Hosp Benedikt, Schultz Florian, Kasneci Enkelejda, Höner Oliver
Human-Computer Interaction, University of Tübingen, Tübingen, Germany.
Institute of Sports Science, University of Tübingen, Tübingen, Germany.
Front Sports Act Living. 2021 Jul 26;3:692526. doi: 10.3389/fspor.2021.692526. eCollection 2021.
The focus of expertise research moves constantly forward and includes cognitive factors, such as visual information perception and processing. In highly dynamic tasks, such as decision making in sports, these factors become more important to build a foundation for diagnostic systems and adaptive learning environments. Although most recent research focuses on behavioral features, the underlying cognitive mechanisms have been poorly understood, mainly due to a lack of adequate methods for the analysis of complex eye tracking data that goes beyond aggregated fixations and saccades. There are no consistent statements about specific perceptual features that explain expertise. However, these mechanisms are an important part of expertise, especially in decision making in sports games, as highly trained perceptual cognitive abilities can provide athletes with some advantage. We developed a deep learning approach that independently finds latent perceptual features in fixation image patches. It then derives expertise based solely on these fixation patches, which encompass the gaze behavior of athletes in an elaborately implemented virtual reality setup. We present a CNN-BiLSTM based model for expertise assessment in goalkeeper-specific decision tasks on initiating passes in build-up situations. The empirical validation demonstrated that our model has the ability to find valuable latent features that detect the expertise level of 33 athletes (novice, advanced, and expert) with 73.11% accuracy. This model is a first step in the direction of generalizable expertise recognition based on eye movements.
专业技能研究的重点不断向前发展,包括认知因素,如视觉信息感知和处理。在高度动态的任务中,如体育比赛中的决策,这些因素对于为诊断系统和适应性学习环境奠定基础变得更加重要。尽管最近的研究主要集中在行为特征上,但潜在的认知机制却鲜为人知,这主要是由于缺乏足够的方法来分析超出聚合注视和扫视的复杂眼动数据。

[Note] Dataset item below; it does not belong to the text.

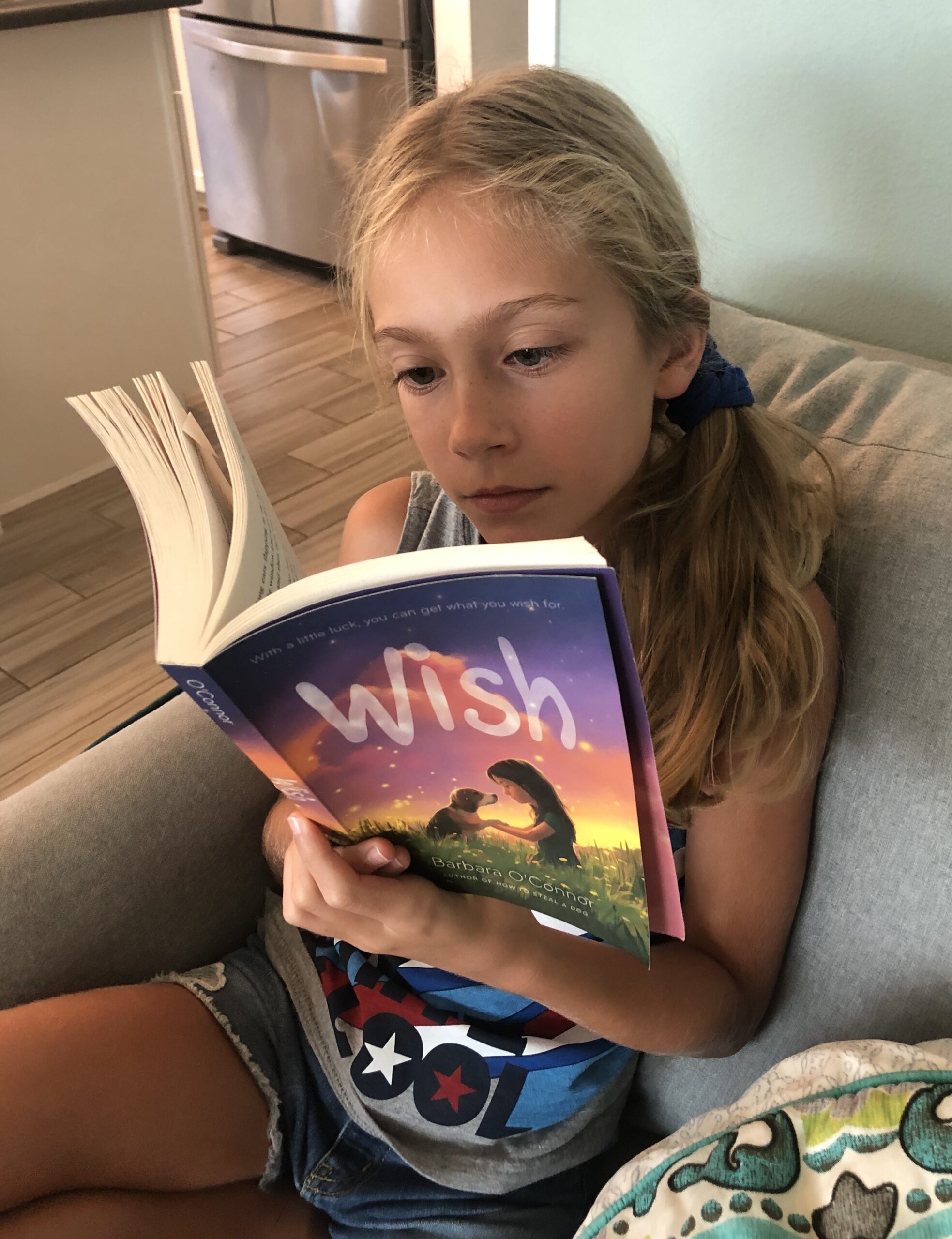 Blonde haired Brecken reading Wish by Barbara O'Connor for the children's book review.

关于解释专业技能的特定感知特征,目前尚无一致的说法。然而,这些机制是专业技能的重要组成部分,尤其是在体育比赛的决策中,因为高度训练的感知认知能力可以为运动员提供一些优势。我们开发了一种深度学习方法,该方法可以独立地在注视图像块中找到潜在的感知特征。然后,它仅基于这些注视块来推导专业技能,这些注视块包含了精心设计的虚拟现实设置中运动员的注视行为。我们提出了一种基于CNN-BiLSTM的模型,用于在守门员特定的决策任务中评估在进攻阶段发起传球的专业技能。实证验证表明,我们的模型有能力找到有价值的潜在特征,以73.11%的准确率检测33名运动员(新手、高级和专家)的专业技能水平。该模型是朝着基于眼动的可推广专业技能识别方向迈出的第一步。